Managing Your Dog's Pain After Orthopedic Surgery
Your dog's vet, orthopedic surgeon or veterinary nurse will take the time to explain to you what medications they are prescribing for your pup to manage their post-surgery pain. They will likely provide you with written instructions regarding dosages and times to administer meds to help you on a day-to-day basis. It is a good idea to make a note whenever you give your dog their meds since it can be easy to lose track and miss a dose or accidentally double up.
Make sure you stick to your vet's instructions as much as possible to ensure efficacy and reduce the chance of side effects.
To help your pooch recover from orthopedic surgery your vet may prescribe antibiotics to reduce the chances of infection and pain medications. If your dog is anxious or high-strung, your vet may also prescribe an anti-anxiety medication or mild sedative to help your dog remain calm and relaxed throughout the process.
Caring for Your Pet's Incision Site
It can be challenging to prevent your pup from biting, chewing or scratching at the incision site or bandages. A plastic cone-shaped collar (available in hard and softer versions) is an effective way to prevent your pet from reaching the wound. It typically takes a couple of hours for dogs to adjust to wearing a traditional cone collar (Elizabethan collar) but if your dog is struggling to get used to one, there are other options available that are effective and less cumbersome such as donut-style collars, or post-surgery jumpsuits (medical pet-shirts). Speak to your vet about other available options, if your dog is unable to relax while wearing a cone collar.
Stitches will typically be removed 10 - 14 days after surgery, although many vets have stopped using external skin sutures, and prefer to use stitches placed inside of your dog's wound which simply dissolve as the incision heals. Regardless of which type of stitches your pup's surgeon uses, you will still need to prevent your dog from licking the wound in order to prevent infection and allow the wound to heal.
It is also essential to keep the bandages dry at all times. Whenever your dog goes outside make sure that the bandages are covered with a plastic bag or cling wrap to protect them from damp or wet grass. Remember to remove the plastic covering as soon as your pooch comes back inside. Leaving the plastic over the bandage could cause sweat to collect under the bandage and lead to an infection.
Keeping Your Dog Amused Durning Recovery
Recovering from orthopedic surgery takes a number of weeks and your pooch is bound to have moments of boredom.
Dog's simply don't understand when they are in recovery and may become frustrated at the reduced level of activity, the itchiness of their incision site, or just the overall lack of stimulation following surgery.
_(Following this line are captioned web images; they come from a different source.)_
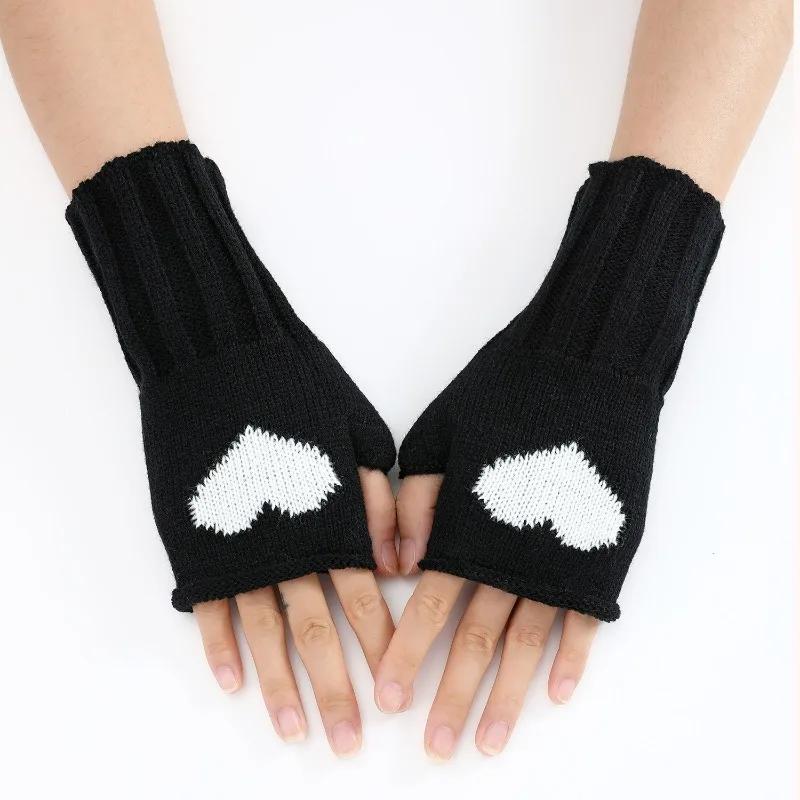 Botvotee Black Fingerless Gloves Women Winter Arm Warmers Y2k Accessories Knit Fashion Love Cute Short Hands Free Gloves Red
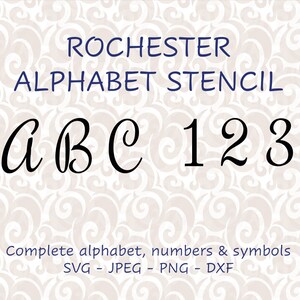 Classic script style letter vector stencil complete alphabet upper/lowercase, numbers & symbols Svg png dxf eps digital cutting files #138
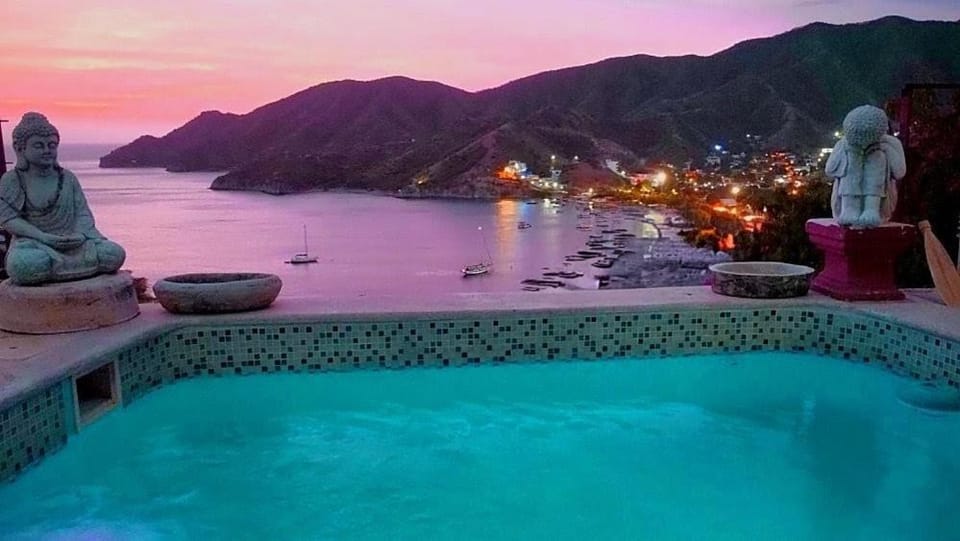 Night, Balcony/Terrace, Mountain view, Sea view, Swimming pool, Sunset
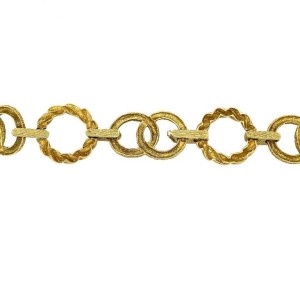 18 Karat Yellow Gold Link Onyx Coral Diamond Necklace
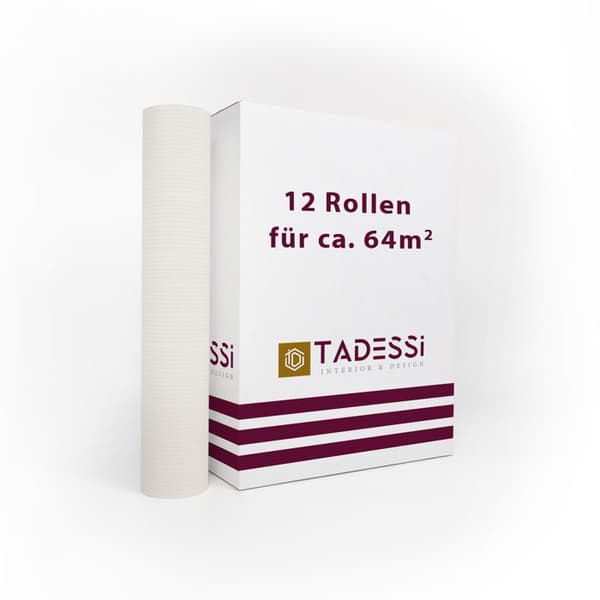 TADESSI non-woven tapet som kan målas vit tapet med ränder längsgående 1 kartong 12 rullar TA-01-03949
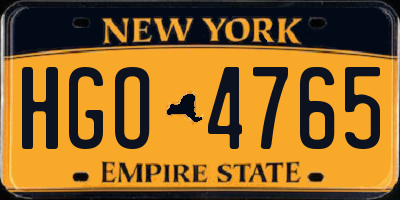 NY license plate HGO4765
That's why it's important that you give your pet reassurance in other ways.
Try rotating a selection of dog-friendly chew toys or squeaky playthings. Only offer one or two items at a time, and switch to a different toy on a regular basis to help prevent boredom.
Treats are often a great way to cheer up a bored pup but keep in mind that your dog's reduced activity means that they are burning fewer calories, too many treats can equal too much of a good thing.
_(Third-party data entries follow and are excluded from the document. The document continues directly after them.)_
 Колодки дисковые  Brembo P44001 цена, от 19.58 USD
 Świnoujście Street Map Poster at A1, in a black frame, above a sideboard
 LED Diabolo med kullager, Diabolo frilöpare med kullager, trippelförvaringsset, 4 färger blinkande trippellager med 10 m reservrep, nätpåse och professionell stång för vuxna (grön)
Simply taking some time to sit quietly with your dog, stroking their fur and chatting with them calmly, can help your pup stay relaxed and feel loved.
Typical Recovery Times Following Orthopedic Surgery
The length of time required for your pup to recover from an orthopedic surgery will depend on a number of factors, including the type of surgery, your dog's age, general health and rehabilitation needs.
Many orthopedic surgeries will be largely healed about 2 and 3 months after the procedure, however, it can take up to 6 months for your dog to fully recover.
Note: The advice provided in this post is intended for informational purposes and does not constitute medical advice regarding pets. For an accurate diagnosis of your pet's condition, please make an appointment with your vet.